Heiko Müller, Sonia Castelo, Munaf Qazi, and Juliana Freire: The openclean Open-Source Data Cleaning Library
The openclean Open-Source Data Cleaning Library: A unified framework for data wrangling
Joint work by Heiko Müller, Sonia Castelo, Munaf Qazi, and Juliana Freire
This entry is a part of the NYU Center for Data Science blog’s recurring guest editorial series. Heiko Müller is a CDS research engineer. Sonia Castelo and Munaf Qazi are research engineers at NYU Tandon School of Engineering. Juliana Freire is a CDS joint faculty member and Professor of Engineering at NYU Tandon School of Engineering.
Data preparation is still a major bottleneck for many data science projects. A frequently cited survey in 2016 found that data scientists spend 60% of their time on data cleaning and organizing data. In the same survey, 57% of the data scientists also stated that they consider data cleaning and organizing data as the least enjoyable task of their job.
Over the years, many tools for profiling, preparing, and cleaning data have been developed, both in academia and industry. These approaches were developed in isolation and in different programming languages with no standardized interfaces. Thus, it is difficult for data scientists to combine existing tools and re-use them in their data processing pipelines.
Inspired by the wide adoption of generic machine learning frameworks such as scikit-learn, TensorFlow, and PyTorch, we are currently developing openclean, an open-source Python library for data profiling and data cleaning. The source code for openclean is available on GitHub.
Our goals for openclean are twofold. First, we aim to provide a unified framework for practitioners that brings together open-source data profiling and data cleaning tools into an easy-to-use environment. By making existing tools available to a large user-community, and through the integration with the rich Python ecosystem, openclean has the potential to simplify data cleaning tasks. Second, by providing a structured, extensible framework, openclean can serve as a platform to which researchers and developers can contribute their techniques. We hope that by bringing together a community of users, developers, and researchers, we will be in a better position to attack the many challenges in dealing with data quality.
openclean has many features that make the data wrangling experience straightforward. It shines particularly in these areas:
Data Profiling: openclean comes with a profiler to provide users actionable metrics about data quality. It allows users to detect possible problems early on by providing various statistical measures of the data from min-max frequencies, to uniqueness and entropy calculations.
Data Cleaning & Wrangling: openclean’s operators have been created specifically to handle data janitorial tasks. They help identify and present statistical anomalies, fix functional dependency violations, locate and update spelling mistakes, and handle missing values gracefully.

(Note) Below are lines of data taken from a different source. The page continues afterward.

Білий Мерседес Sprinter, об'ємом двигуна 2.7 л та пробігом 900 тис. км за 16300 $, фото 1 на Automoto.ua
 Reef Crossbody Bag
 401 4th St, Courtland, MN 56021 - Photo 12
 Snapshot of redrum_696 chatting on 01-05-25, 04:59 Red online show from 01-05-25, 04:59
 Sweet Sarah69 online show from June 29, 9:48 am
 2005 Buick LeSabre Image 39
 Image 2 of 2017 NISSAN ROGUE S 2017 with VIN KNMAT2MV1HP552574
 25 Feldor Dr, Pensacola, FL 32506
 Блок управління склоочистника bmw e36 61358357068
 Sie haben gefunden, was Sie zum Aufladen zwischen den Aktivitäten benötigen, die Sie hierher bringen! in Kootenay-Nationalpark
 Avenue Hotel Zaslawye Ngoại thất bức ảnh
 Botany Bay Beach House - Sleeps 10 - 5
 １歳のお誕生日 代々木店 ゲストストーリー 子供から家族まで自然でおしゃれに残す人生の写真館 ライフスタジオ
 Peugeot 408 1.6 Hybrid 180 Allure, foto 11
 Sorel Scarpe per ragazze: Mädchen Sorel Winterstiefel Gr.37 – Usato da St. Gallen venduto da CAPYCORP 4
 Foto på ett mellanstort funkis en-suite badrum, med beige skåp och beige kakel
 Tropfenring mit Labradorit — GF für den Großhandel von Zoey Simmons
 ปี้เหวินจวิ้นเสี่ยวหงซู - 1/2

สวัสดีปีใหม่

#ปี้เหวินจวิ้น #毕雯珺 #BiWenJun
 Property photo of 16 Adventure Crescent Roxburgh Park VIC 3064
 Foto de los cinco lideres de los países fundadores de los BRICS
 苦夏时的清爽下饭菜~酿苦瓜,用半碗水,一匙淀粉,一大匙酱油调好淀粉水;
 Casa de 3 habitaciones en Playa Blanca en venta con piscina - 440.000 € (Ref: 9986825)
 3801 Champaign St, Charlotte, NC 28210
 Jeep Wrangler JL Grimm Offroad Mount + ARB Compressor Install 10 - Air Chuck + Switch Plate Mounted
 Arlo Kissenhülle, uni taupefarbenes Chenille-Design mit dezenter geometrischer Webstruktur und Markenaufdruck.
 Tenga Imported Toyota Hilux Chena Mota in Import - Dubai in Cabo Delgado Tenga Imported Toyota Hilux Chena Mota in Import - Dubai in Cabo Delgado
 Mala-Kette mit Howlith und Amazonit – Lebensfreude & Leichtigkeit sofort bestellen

Data Enrichment: openclean seamlessly integrates with the Socrata Open Data API and the Reference Data Repository giving users easy access to standard datasets which can be incorporated in the data cleaning process.
Figure 1 shows an example of using openclean. We first select three columns from the NYC Parking Violations dataset (jt7v-77mi) and convert the vehicle color values to uppercase. Then, we identify potential misspellings and abbreviations of vehicle colors as violations of the functional dependency that uses Plate ID and registrations state to uniquely identify vehicles. To resolve these conflicts, we apply a conflict resolution strategy that eliminates violations caused by common abbreviations like BLK and WH for BLACK and WHITE.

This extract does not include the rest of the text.